Pugliese’s article offers an indication of the sorts of methods the military is preparing to use to bring journalists into line. It cites the example of CTV journalist Bob Fife, who was subjected to an investigation by the Canadian Forces’ Military Police in 2013. Fife’s crime? He had discovered information showing that General Walter Natynczyk, the then chief of the defence staff, had spent over $1 million in public money to fly to hockey games and take a holiday in the Caribbean. The probe against Fife was eventually dropped.

The military is well practiced at withholding information it deems inconvenient for its propaganda purposes. Several weeks ago, it was announced that an air strike carried out by Canadian fighter jets in Iraq in January as part of the US-led coalition’s air war against Islamic State had likely killed civilians. Although the military was made aware of the report at the time, it never mentioned the matter publicly, even when specifically questioned on whether Canadian bombs had resulted in civilian deaths.

The lack of protest within official political circles over the growing assertiveness of the military in public life demonstrates the loyalty of all the major parties to the armed forces and the increasing indifference and outright hostility of the capitalist elite to core democratic principles.

To secure Canadian imperialism’s global interests, the Conservative government led by Prime Minister Stephen Harper has overseen a vast expansion in the military’s power and influence. During its decade in office it has deepened the country’s strategic collaboration with the United States, integrating Canada into the US’s military-strategic offensives targeting Russia, China and the oil-rich Middle East.

Cooperation between Ottawa and Washington is now so extensive that top generals from both countries held talks in 2013 on the possibility of fully integrating the US and Canadian militaries. Although this initiative was shelved, at least for the time being, the Pentagon and DND agreed to further enhance interoperability and are considering the creation of a permanent joint Canadian-US intervention force made up of air, sea, land and special forces and capable of being deployed in offensive operations anywhere around the globe. (See “Canada’s top general discussed fully integrating its armed forces with US military”)

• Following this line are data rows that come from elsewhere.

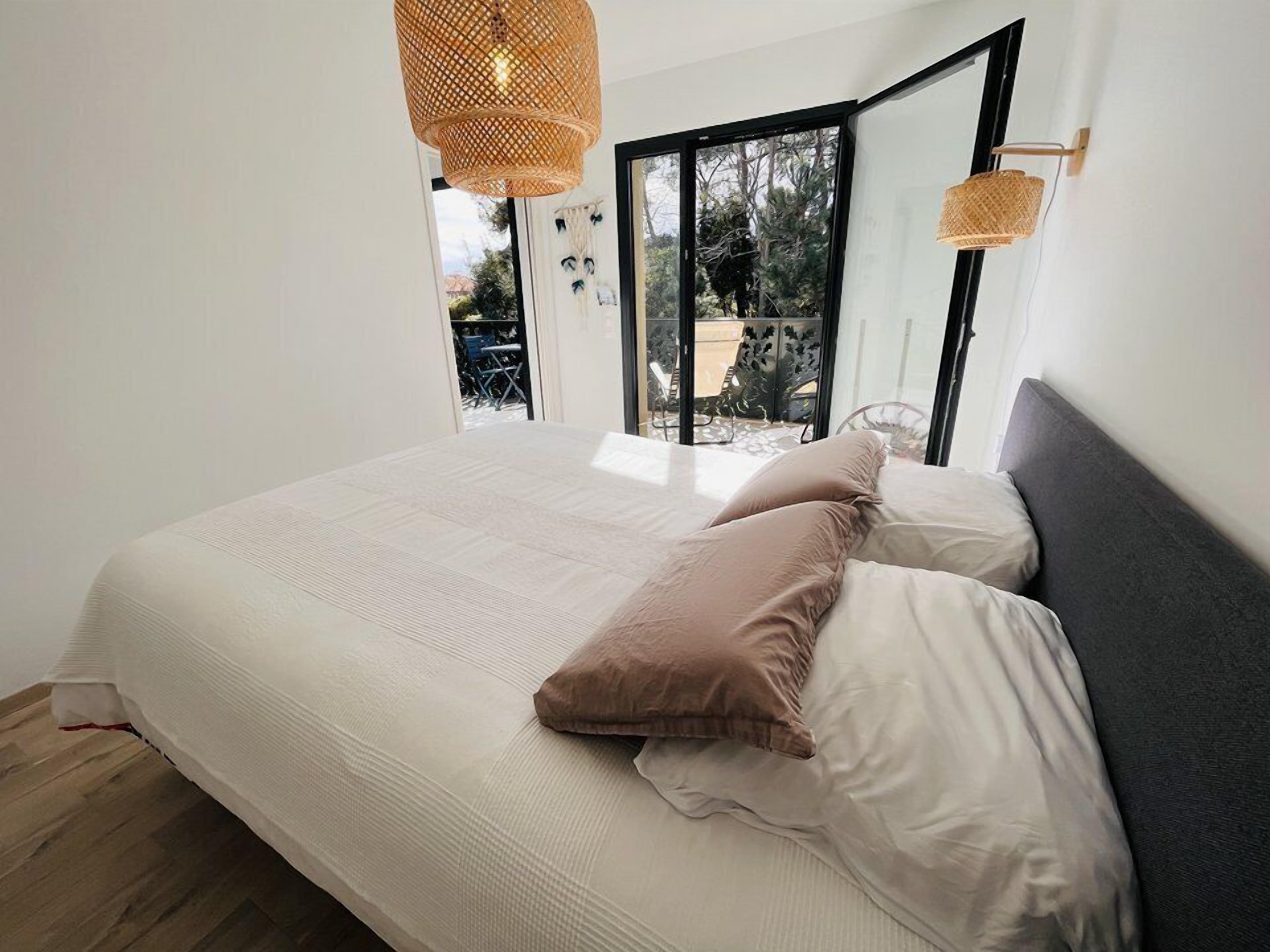 A bedroom with a large bed, a window with a view of outdoor furniture, and a woven light fixture.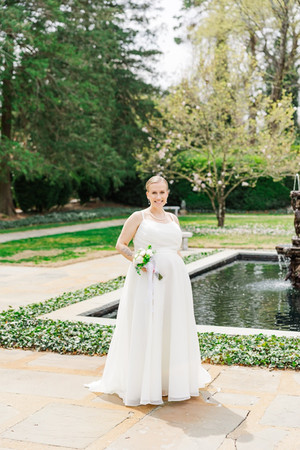	9.	Bride holding bouquet near reflective garden pool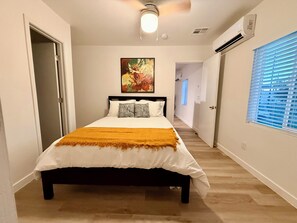 A bedroom with a bed, a painting, and a hallway leading to another room.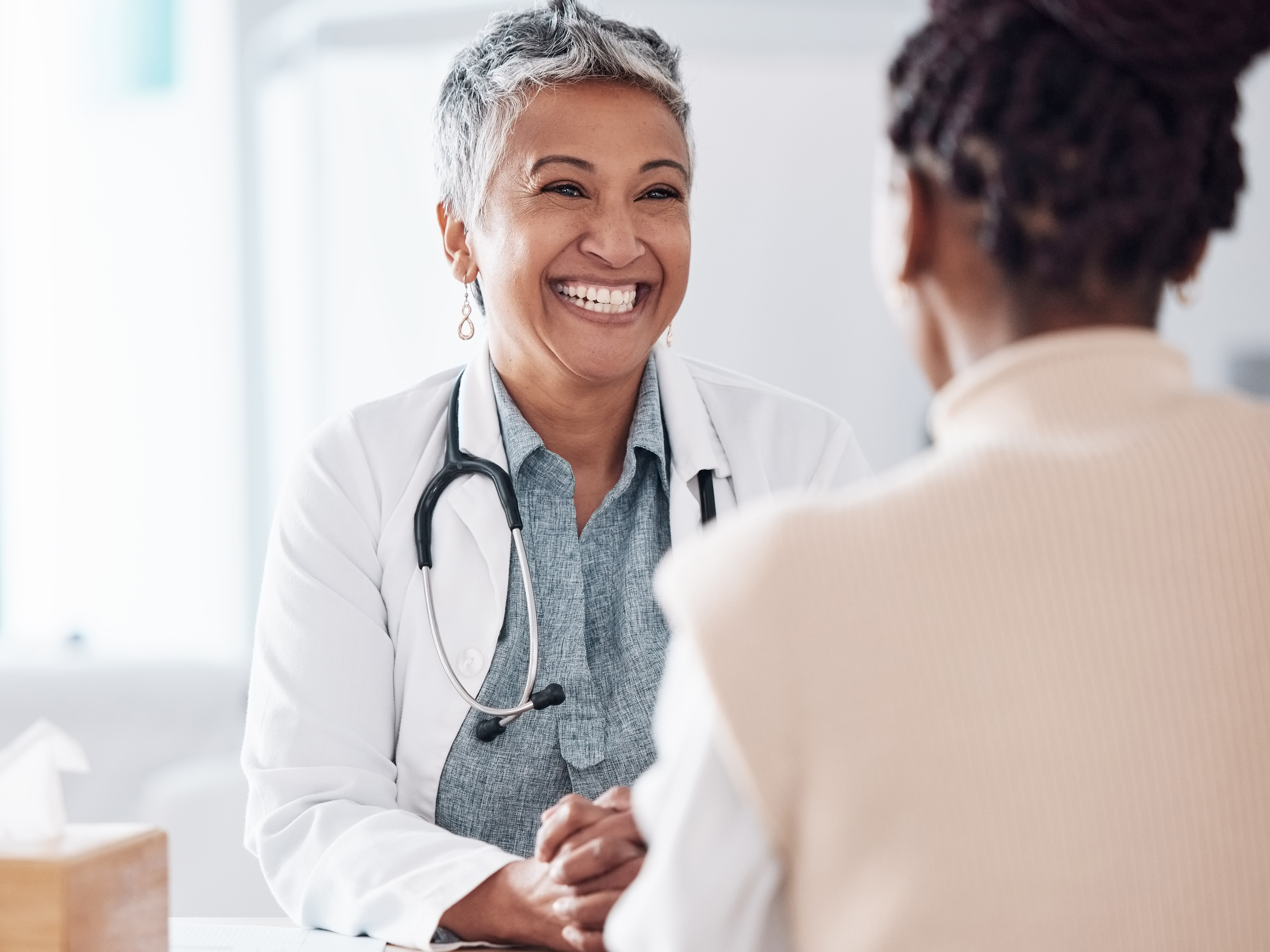 Smiling female doctor sitting at a desk talking with a patient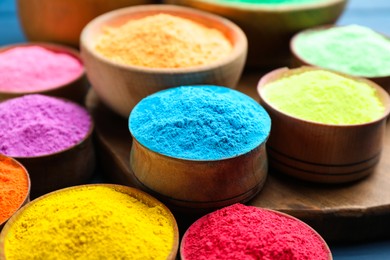 Photo of Colorful powder dyes as background, closeup. Holi festival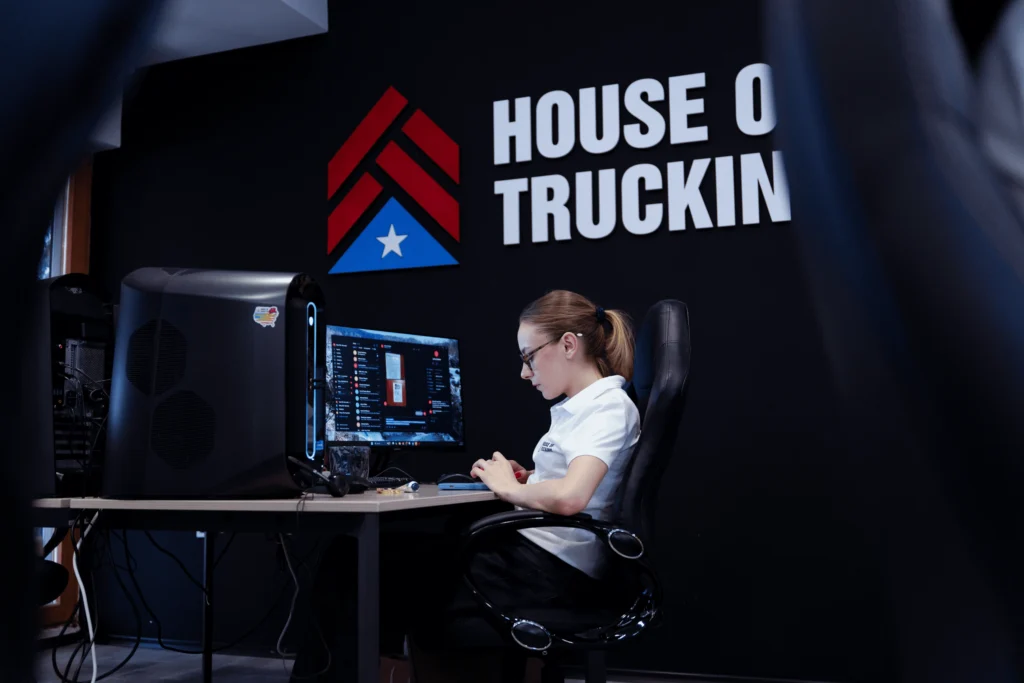House of Trucking recruiter working on driver applications at the office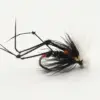 Close-up of a black fishing fly lure with white feather hackle used for trout fishing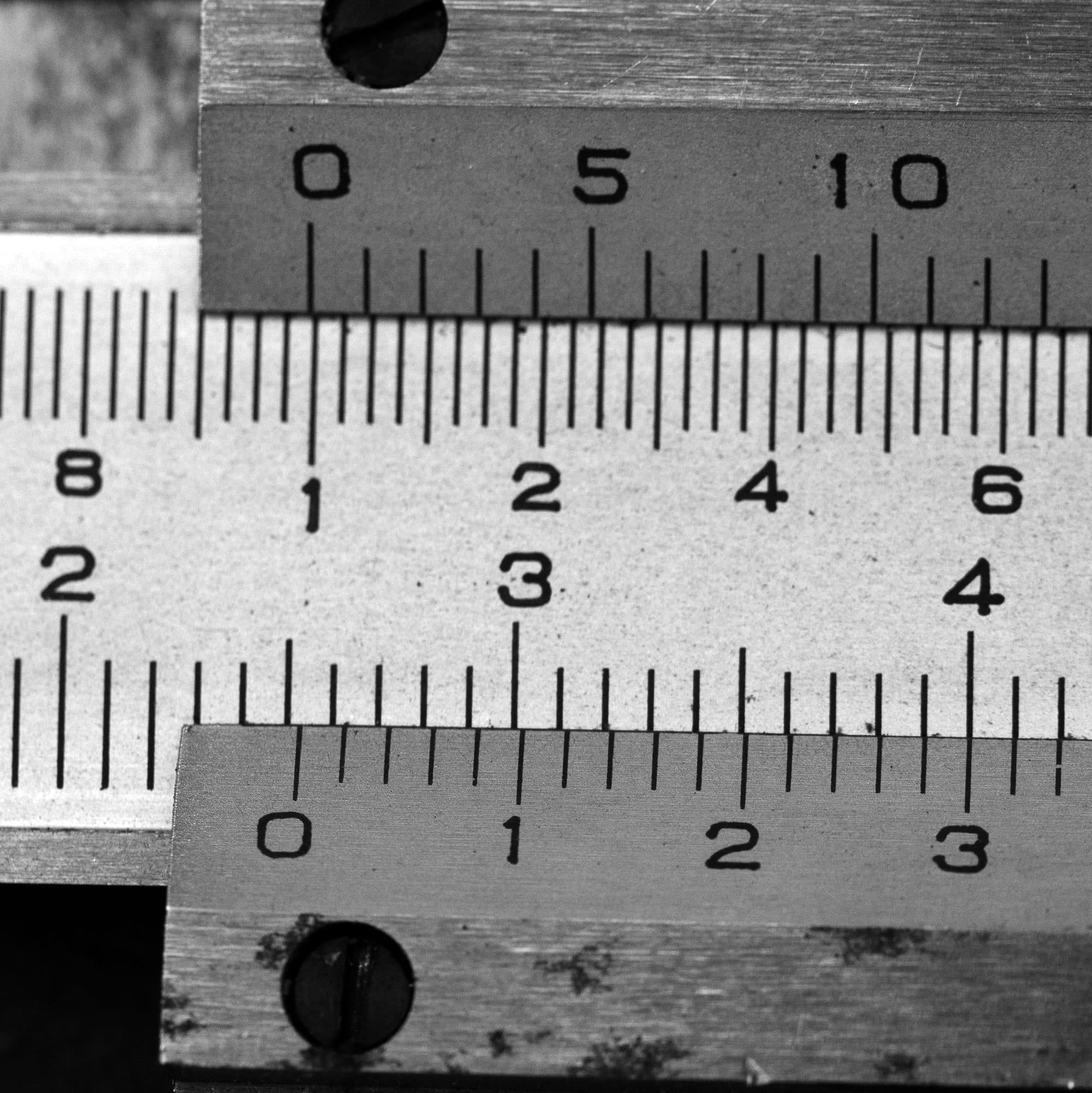 Macro photograph of a vernier caliper reading 25.3 millimetres: two engraved scales sliding against each other.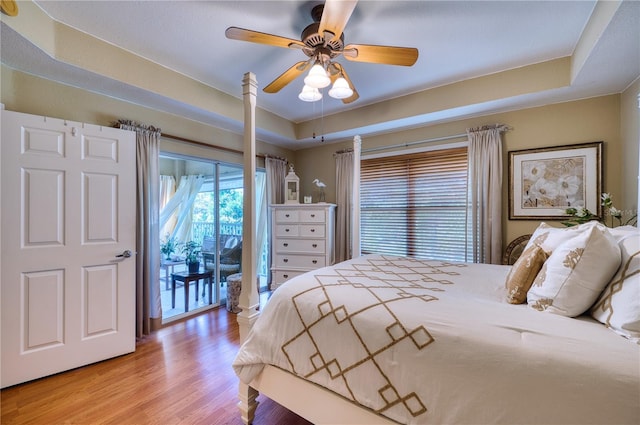 bedroom featuring ceiling fan, access to exterior, light hardwood / wood-style flooring, and a tray ceiling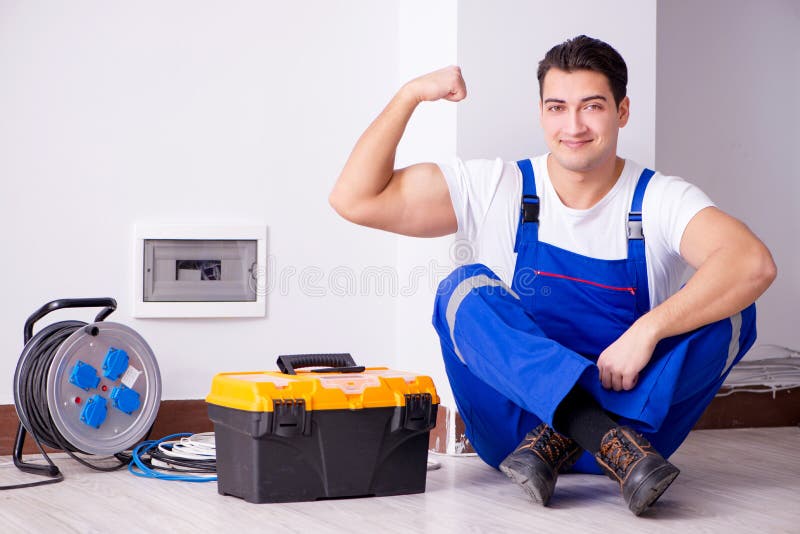 The man doing electrical repairs at home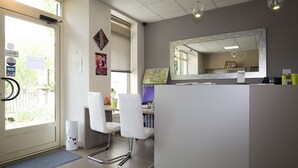 Un área de recepción con un mostrador, sillas, un espejo grande y una puerta que da a vistas del exterior.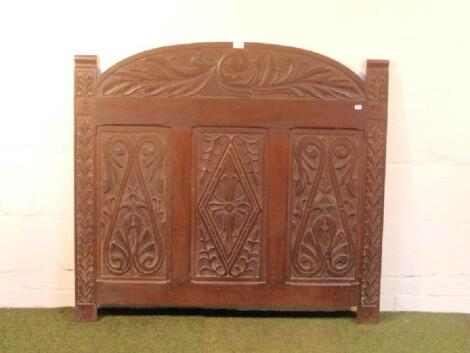 An oak bed head or panel with period carving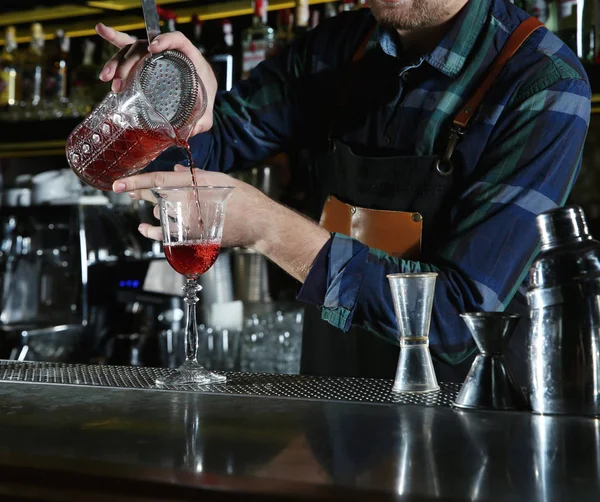 Barman derramando coquetel através de filtro em vidro no balcão no pub, close-up — Fotografia de Stock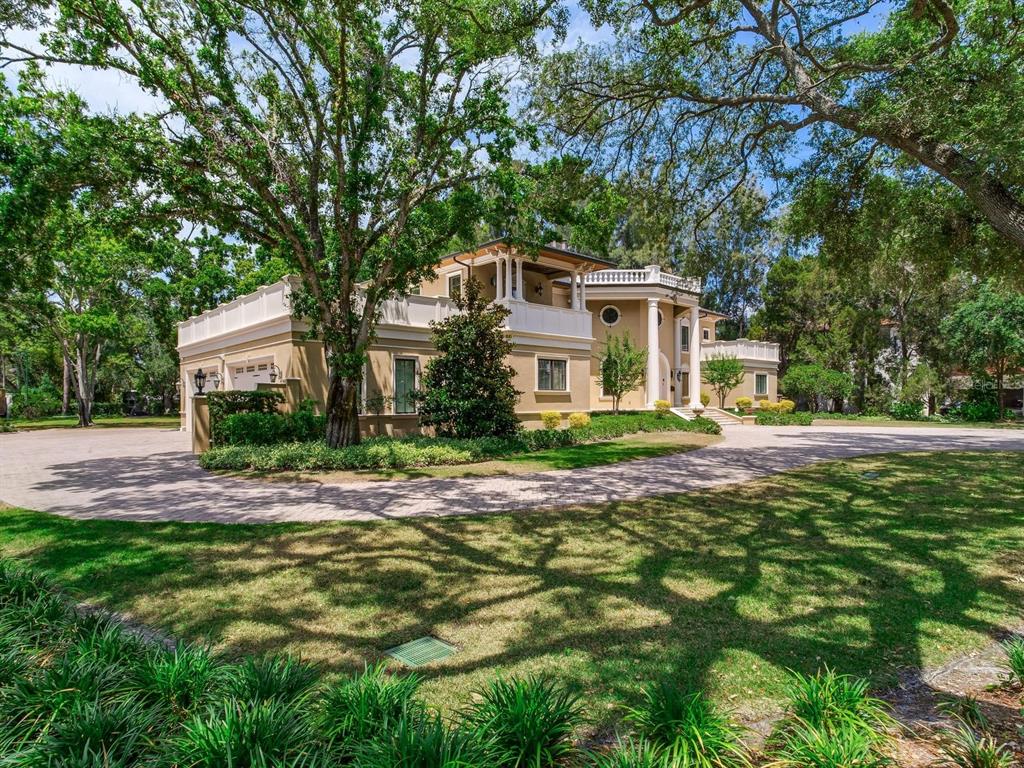 A large, two-story tan house with white trim and columns sits behind a circular driveway — 4623 W SAN JOSE STREET, TAMPA, FL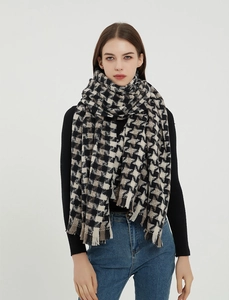 Detail shot of black and white houndstooth scarf showing thick texture and fringe edges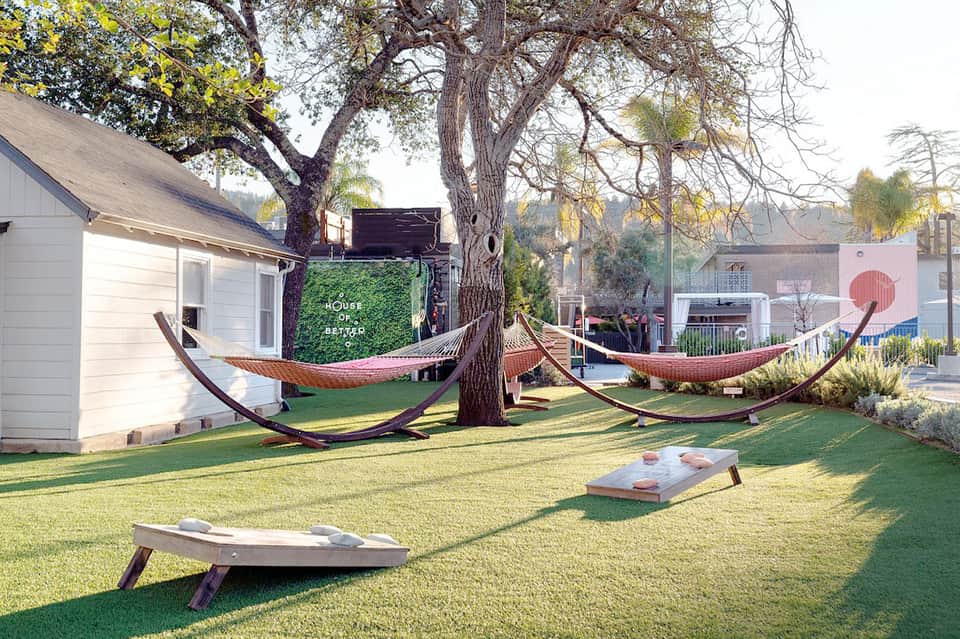 Outdoor lawn with hammocks suspended between trees, cornhole boards, and modern white buildings in background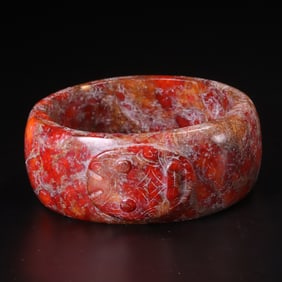 An Archaic Red Jade Bracelet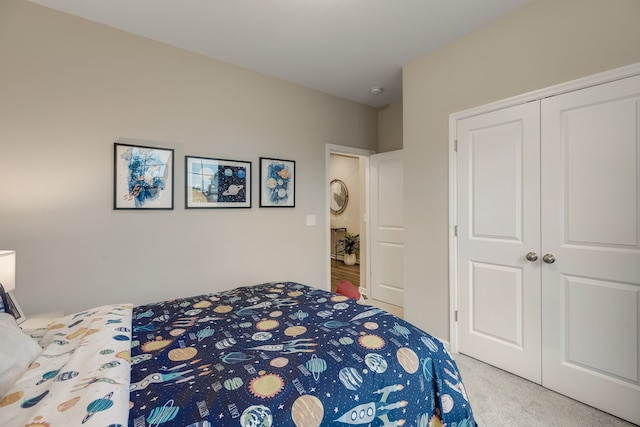 carpeted bedroom with a closet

The Conservative government has sought to rally support for its aggressive militarism by promoting an explicitly right-wing, flag-waving nationalism that combines celebration of Canada as a “warrior nation” with veneration for the monarchy. Harper has repeatedly claimed that Canadians have the military to thank for their democratic rights, prompting not so much as a whisper of complaint from the opposition parties. On the contrary, the New Democratic Party has effectively embraced the Conservative campaign, sponsoring a bill to make Remembrance Day a national holiday dedicated to celebrating the armed forces and RCMP.

Vance has been an important figure in this revival of militarism. From 2009 to 2010, he served as commander of Canada’s counterinsurgency operations in Afghanistan, playing a critical role in the US-led neocolonial occupation of that country. He rose to the position of commander of all CAF military operations, before being appointed chief of the defence staff in July.

Vance’s “weaponization” plan and his call for the military to be allowed to intervene more directly and vocally in the political arena speak to the increasing crisis and breakdown of Canadian democracy as the ruling elite pursues an agenda of war and austerity inimical to the interests of working people.

Time and again, the federal and provincial governments have intervened to criminalize worker struggles, including, just since 2011, strikes by Canada Post, Air Canada, railroad, and Quebec construction workers, and Ontario teachers.

In the name of fighting terrorism, the powers and reach of the national security apparatus have been vastly expanded. The state now systematically spies on Canadians’ electronic communications. And under the Conservative and Liberal supported Bill C-51, the national security apparatus has been given almost unlimited access to all government information on anyone it chooses to investigate and the Canadian Security Intelligence Service has been empowered to violate virtually any law when disrupting reputed threats to Canadian national and economic security.